黒澤明映画『どですかでん』(1970年)の原作となった山本周五郎の小説を宮藤官九郎がアレンジ。(明らかに東日本大震災後を思わせる)「仮設住宅」を舞台に、めっぽう個性的な弱者たちがワチャワチャする物語。ディズニープラス『季節のない街』公式サイトで宮藤本人はこう語る。
――どうしよう。今回は自信がある。紛れもなく、いちばんやりたかった作品で、これを世に出したら、自分の第二章が始まるような気がしています。
「平成世代」(30代)の物語
では、賑やかな『不適切にもほどがある!』のどこに弱者視点があるのか。ここでは、今どきの会社における「働き方改革」をテーマとした第1話・第2話に注目する。私はこの2回をそれぞれ秋津真彦(磯村勇斗)、犬島渚(仲里依紗)の物語として見た。
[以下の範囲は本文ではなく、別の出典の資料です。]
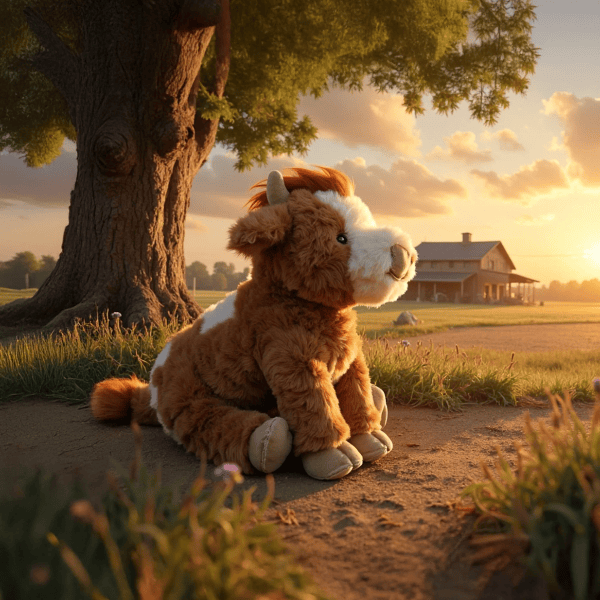A plush toy cow with brown and white fur sits on a dirt path under a large tree in a sunny, rural outdoor setting with a farmhouse in the background.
秋津真彦はアプリ開発会社の社員で入社7年目。まったく悪気はないにもかかわらず、部下の女性からハラスメントで訴えられる。犬島渚は、1歳6カ月の息子がいるシングルマザーで、テレビ局のバラエティー番組を担当アシスタントプロデューサー。仕事中も育児に追われながら、使えない若手社員に手を焼く。
いくぶん乱暴と思いつつ世代論でくくると、これは「昭和世代」と「Z世代」の中間で板挟みになっている、ある意味でもっとも根深い問題を抱えた弱者=「平成世代」(30代)の物語だ。